Record extracts below:
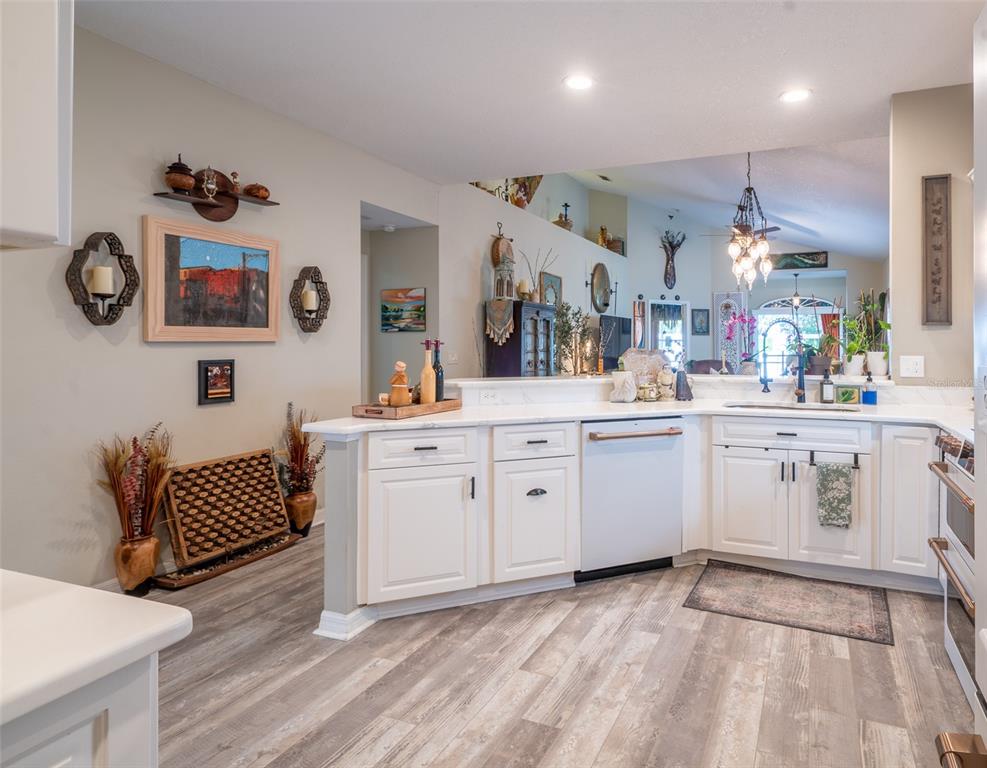 A kitchen with white cabinets, light wood-look flooring, and a view into an adjacent living area — 8027 SAINT ANDREWS WAY, MOUNT DORA, FL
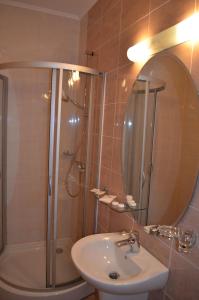 a bathroom with a shower and a sink and a mirror at Pensiunea Magura in Baia Mare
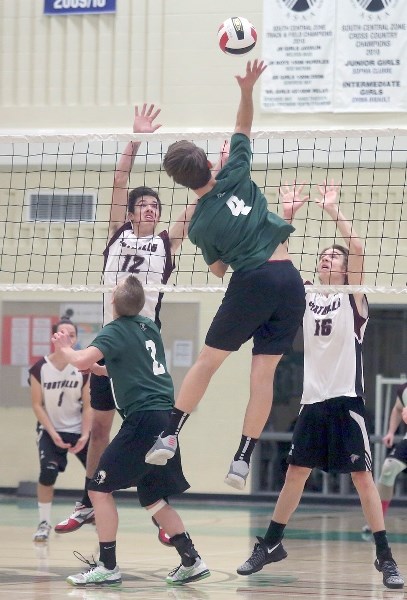 Holy Trinity Academy Knight Isaiah Michel rises for a big hit versus the Foothills Falcons in Game 2 of the 4A Boys Volleyball South Central Zone final, Nov. 17 at HTA. The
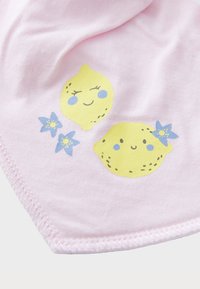Tessuto di cotone rosa con una trama liscia, caratterizzato da illustrazioni di limoni gialli e fiori blu, situato vicino al bordo con un orlo cucito.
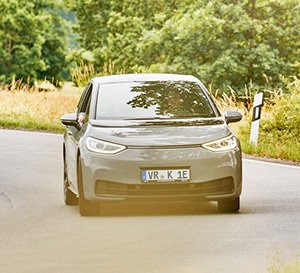 VRK Elektroautoversicherung –  Ein E-Auto fährt auf einer Landstraße durch eine Kurve.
End of Record extracts.
**Exercise details**
Word for word, print the material above, but without its pictures.

**Answer box**
 A kitchen with white cabinets, light wood-look flooring, and a view into an adjacent living area — 8027 SAINT ANDREWS WAY, MOUNT DORA, FL
 a bathroom with a shower and a sink and a mirror at Pensiunea Magura in Baia Mare
 Holy Trinity Academy Knight Isaiah Michel rises for a big hit versus the Foothills Falcons in Game 2 of the 4A Boys Volleyball South Central Zone final, Nov. 17 at HTA. The
Tessuto di cotone rosa con una trama liscia, caratterizzato da illustrazioni di limoni gialli e fiori blu, situato vicino al bordo con un orlo cucito.
 VRK Elektroautoversicherung –  Ein E-Auto fährt auf einer Landstraße durch eine Kurve.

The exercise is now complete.